Chinese agricultural scientist and nuclear physicist

Chen Ziyuan (陳子元 (陈子元, Chén Zǐyuán); born 7 September 1924 in Shanghai) is a Chinese agricultural scientist and nuclear physicist. He is the main founding father of China's nuclear agriculture.

==Biography==
Chen, a native of Yin County (present-day Yinzhou, Ningbo) of Zhejiang, studied at Daxia University in Shanghai. After graduation, he taught at Daxia, which became part of East China Normal University in 1952.

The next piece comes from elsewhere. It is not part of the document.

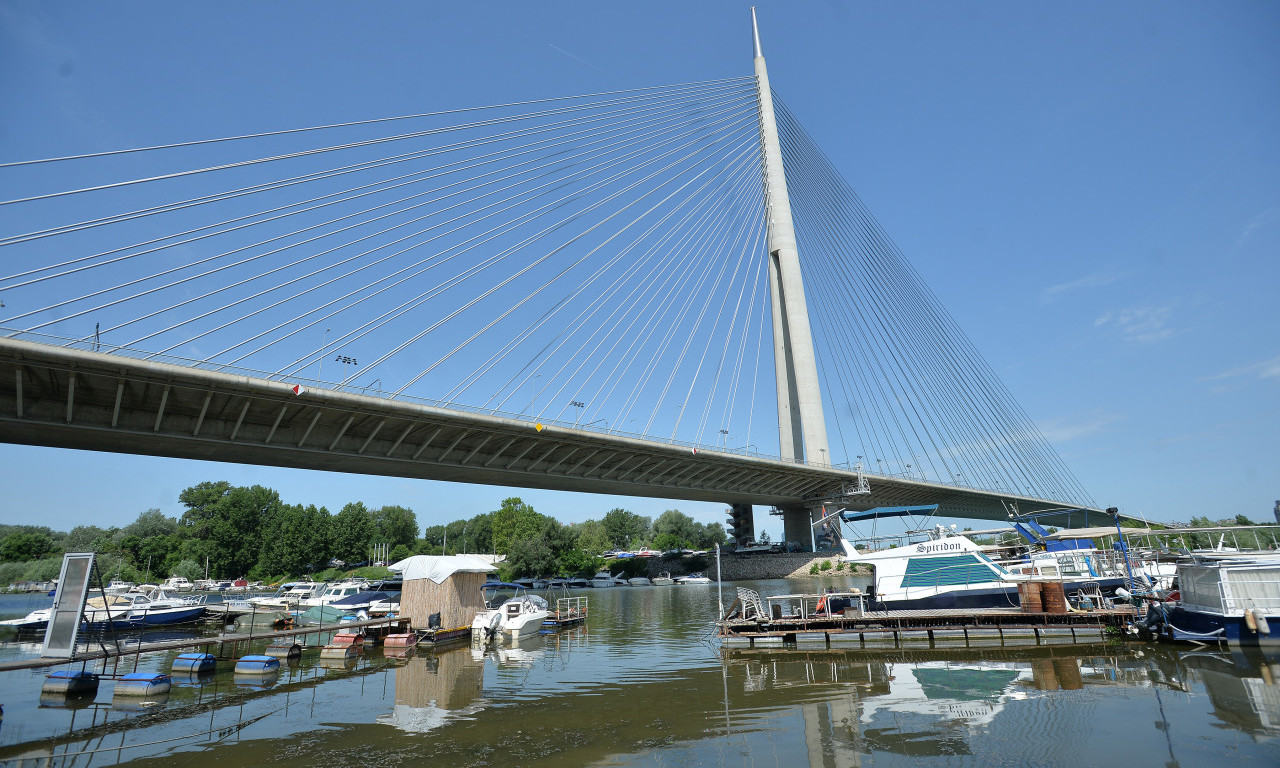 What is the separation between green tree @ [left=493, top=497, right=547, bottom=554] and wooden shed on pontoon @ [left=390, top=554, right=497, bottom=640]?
65.0 meters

In 1953, Chen became an associate professor of Zhejiang Agricultural University (previous and current Zhejiang University). In 1958, Chen founded the first laboratory in China to study agricultural science by nuclear physics techniques, especially the radioactive isotope.

From 1979 to 1989, Chen was the vice-president and then President of the Zhejiang Agricultural University.

Currently, Chen is a professor at Zhejiang University College of Agriculture and Biotechnology.

Chen was head of the Zhejiang University Institute of Nuclear Agricultural Sciences (浙江大学原子核农业科学研究所) and was head of the State Key Laboratory of Nuclear Agricultural Sciences of the Ministry of Agriculture. He was the Director-general of the Chinese Society of Nuclear Agricultural Sciences (中国原子能农学会).

Chen was a vice-president of the Zhejiang Association of Science and Technology (浙江省科学技术协会). Chen was elected to Academician of the Chinese Academy of Sciences in 1991.